For every name chosen by parents from the Bible to apply to their children there are numberless names which are neglected solely because of their strangeness, particularly in recent decades, but those who by today’s standards bore odd-sounding names are no strangers to Jesus Christ. The name of Silas is not objectionable, yet any child branded today with the name of Silvanos, Apainetos or Crescens might grow up to question the appellative taste of his parents. But each of these is a name engraved in glory in the scroll of the seventy apostles who preached the word of Christ and who are listed in an honor roll elsewhere. Apropos of names, there are indeed some strange names being carried about these days by those who have never seen their namesake in the Bible, whose characters carry with them a strangeness but do not lack for meaning.

The first of the four commemorated on July 30 is Silas, whose close companionship with the mighty St. Paul was enough to place him among the saints and who, as part of the Seventy Apostles of the Messiah, contributed mightily to the cause of Christianity, the more so because he managed to elude the executioner and to live a full life, each day of which was pledged to the missionary work of the Savior. St. Luke, the Glorious Physician and author of the Book of Acts of the New Testament, speaks in chapter fifteen of “Judas and Silas being prophets also themselves, exhorted the brethren with many words, and confirmed.”

Serving in Antioch with Barnabas and Paul, Silas was chosen by the latter to project their mission into Syria and Cicilia, as recorded in Acts 15:40 wherein it says, “And Paul chose Silas and departed, being recommended by the brethren unto the Grace of God. And he went through Syria and Cicilia confirming the churches.” These regions were hostile to the New Faith of Jesus Christ but in spite of the abuse and indignities heaped upon the apostles, the salvation of mankind was brought to crowds who could see the light of Christianity through the miasma of their irreligious way of life. Before he departed for Rome, Paul installed Silas as bishop of Corinth where he served honorably every day of his long life.

Another of the Seventy Apostles favored of God was Silvanos, who is mentioned in the New Testament passage which reads, “By Silvanos, a faithful brother unto you, as I suppose, I have written briefl y, exhorting and testifying that this is the true grace of God wherein ye stand.” (1 Pet. 5:12). The great St. Peter uses the word “briefly” to acknowledge that much more can be said of the apostle Silvanos, who as the bishop of Thessaloniki encountered more than his share of resistance to the worship of a carpenter from distant Nazareth by a Greek colony as proud of their idolatry as of their art and literature. Bishop Silvanos did not fi nd an easily swayed audience in his mission, but he did find audiences with an intelligence to which he appealed with huge success. His was another long service to Christ in a complete triumph of Greek Christian conversion, which placed the ancient myths in their proper place, not as truth but as fancy that has since served to amuse readers of every civilized language.
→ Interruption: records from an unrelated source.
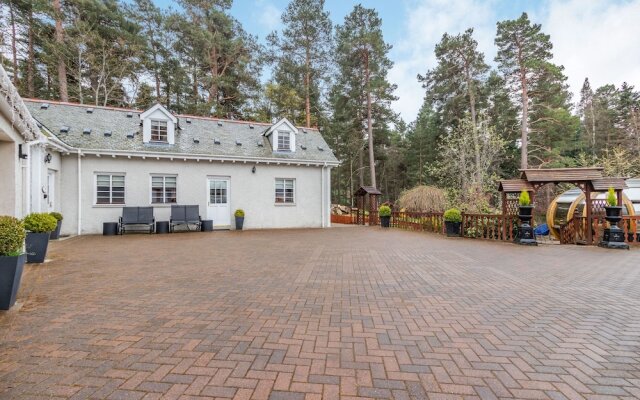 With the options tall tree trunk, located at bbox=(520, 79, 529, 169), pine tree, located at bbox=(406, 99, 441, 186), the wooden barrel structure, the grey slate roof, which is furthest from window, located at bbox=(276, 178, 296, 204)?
pine tree, located at bbox=(406, 99, 441, 186)

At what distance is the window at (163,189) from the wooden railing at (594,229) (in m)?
15.4

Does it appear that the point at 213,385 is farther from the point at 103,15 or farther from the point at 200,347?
the point at 103,15

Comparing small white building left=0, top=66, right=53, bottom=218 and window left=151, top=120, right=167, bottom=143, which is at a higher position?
window left=151, top=120, right=167, bottom=143

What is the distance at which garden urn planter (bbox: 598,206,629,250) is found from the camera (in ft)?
30.0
Another gallant soldier lost in the ranks of the Apostolic Seventy was Apainetos, whose unfamiliar name is inscribed for eternity in the New Testament when St. Paul says, “Salute my well-beloved Apainetos, who is the first fruit of Achaia unto Christ.” (Rom. 16:5). Chosen by the apostles to serve as bishop of Carthage in Africa, Apainetos met with a Carthaginian crowd which was as hostile as any of the proud Greeks. But with the oratorical skill born of truth, he had remarkable success in the conversion to Christianity of those whose priorities lay elsewhere. The Christian religion became the preeminent influence in an ancient city of Africa which was much more familiar with the Hannibals that predated the Messiah by centuries.
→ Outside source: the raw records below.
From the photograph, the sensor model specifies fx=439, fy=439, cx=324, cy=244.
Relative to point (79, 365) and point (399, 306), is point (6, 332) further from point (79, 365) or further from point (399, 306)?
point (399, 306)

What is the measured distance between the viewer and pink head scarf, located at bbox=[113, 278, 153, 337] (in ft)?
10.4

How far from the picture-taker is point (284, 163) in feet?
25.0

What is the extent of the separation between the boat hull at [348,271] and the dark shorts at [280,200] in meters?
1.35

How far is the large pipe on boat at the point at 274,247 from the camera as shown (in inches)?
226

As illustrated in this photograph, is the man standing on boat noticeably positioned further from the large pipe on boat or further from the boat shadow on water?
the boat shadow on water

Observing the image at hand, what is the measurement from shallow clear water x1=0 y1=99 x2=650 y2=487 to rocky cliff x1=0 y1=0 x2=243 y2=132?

The last of the sacred Seventy Apostles, and certainly not the least, was Crescens, whose apostolic merit is to be found in the magnificent St. Paul’s letter to Timothy in which he writes the instruction, “Do thy diligence to come shortly to me...and Crescens to Galatia, Titus unto Dalmatia.” (2 Tim. 4:10). Following his mission to Galatia, Crescens was ordained bishop of Chalcedon, a city in which he firmly planted Christianity as a faith which found greater expression than in most other areas for centuries to come.